Song Cycle (remastered and reissued by Bella Union alongside two follow-up LPs, Discover America and Clang of the Yankee Reaper) is the ultimate confection. It flits impishly between snippets of winsome folk, flourishes of woodwind and clanging percussion and cheeky quotes of Beethoven in ways that, for all his innovation, Brian Wilson would probably never have attempted. Densely clouded with fluffy strings, reverbed vocals and some magical Hollywood musical sprinklings, one doesn’t dip into Song Cycle – one is enveloped by it.
But that doesn’t mean it’s easy going. The covers of Randy Newman’s Vine Street and Donovan’s Colours are perhaps the simplest nuggets to digest here, but the real rewards lie in more difficult works. The grinding violin solo of By the People, the funereal opening of Widow’s Walk and the encroaching stress of All Golden are all eye-widening moments of pure inspiration. But they all drown in idiosyncrasy that’ll either appeal or alienate.

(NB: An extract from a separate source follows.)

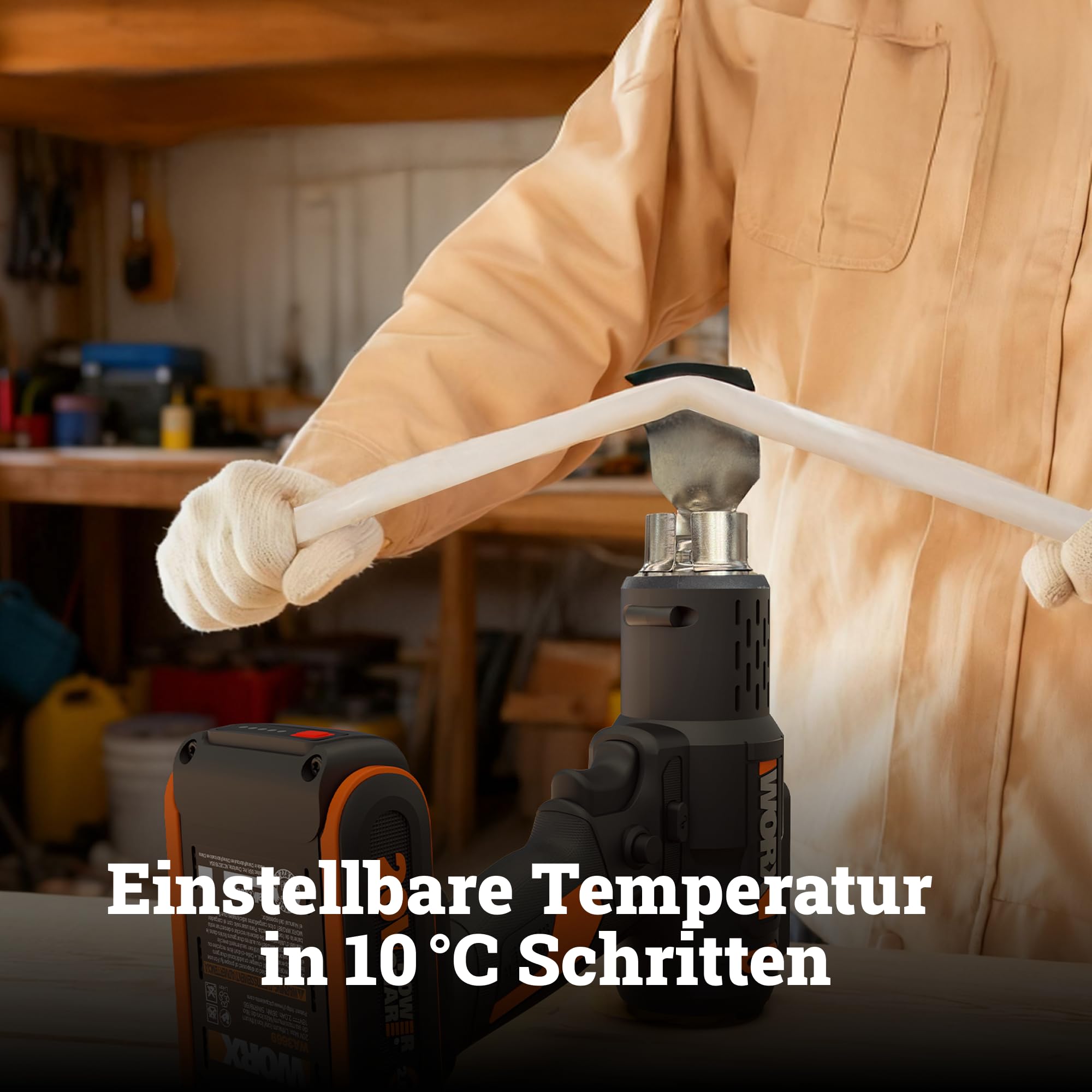 WORX WX015 Akku Heißluftpistole 20V, 20–600°C einstellbar in 10°C-Schritten, LCD-Display, Memory-Funktion, schnelles Aufheizen, inkl. 2Ah Akku & Ladegerät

All of these musical difficulties give the record an unpredictable quality, the sense that it might lurch off into realms unknown just when you were starting to relax. And that’s probably why it was never a hit.
In a way, it’s a blessing that Van Dyke Parks’ lofty attempt to catalogue and innovate within American popular and classical music remained undiscovered for so long. It sold fairly miserably on its original 1968 release and has only really been evangelised by Beach Boys completists. Perhaps now, in an age where rediscovery is as culturally valuable as looking forwards, this gem will receive the adulation it deserves.